Copy nothing past the line containing "We'll just zoom". Transcribe every line of the listing below up to and including it, from the first, except pictures.

Dataset excerpt:
/---

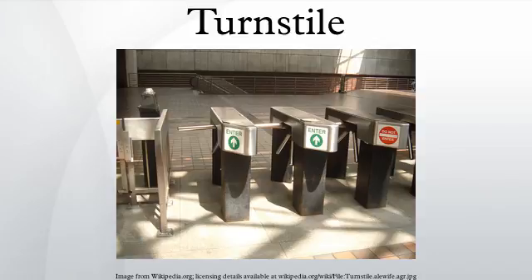The drop-arm optical turnstile is a combination of the security of a tripod or barrier turnstile and a fully optical turnstile. The lanes can have either single or double arms. When access is granted the arms drop into recesses in the cabinet. Once the arms drop out of the way, the turnstile functions as a fully optical turnstile.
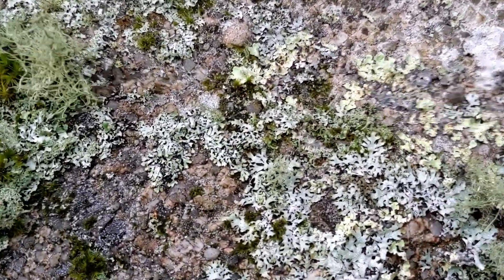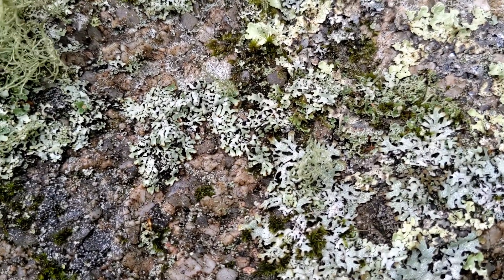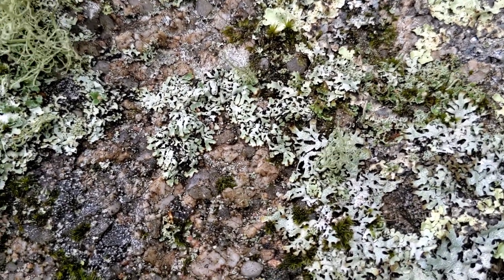We'll just zoom in a little bit on this species here. This is a rare species known as the tree flute, Menegatsia terebrata, and it's one that the UK has an international responsibility to conserve.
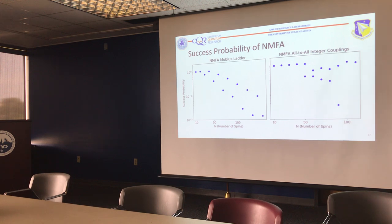For the Mobius Ladder, success probability has a funny up-and-down structure as problem size increases — generally decreasing but not strictly so. For random all-to-all integer couplings, for small problems it's okay, but as you get big it's all over the place. To be clear, the small problems are not the ones we want to solve with an annealer — we want to solve the big problems, the ones we can't already do with classical computers.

\---

Expected answer:
The drop-arm optical turnstile is a combination of the security of a tripod or barrier turnstile and a fully optical turnstile. The lanes can have either single or double arms. When access is granted the arms drop into recesses in the cabinet. Once the arms drop out of the way, the turnstile functions as a fully optical turnstile.
We'll just zoom in a little bit on this species here. This is a rare species known as the tree flute, Menegatsia terebrata, and it's one that the UK has an international responsibility to conserve.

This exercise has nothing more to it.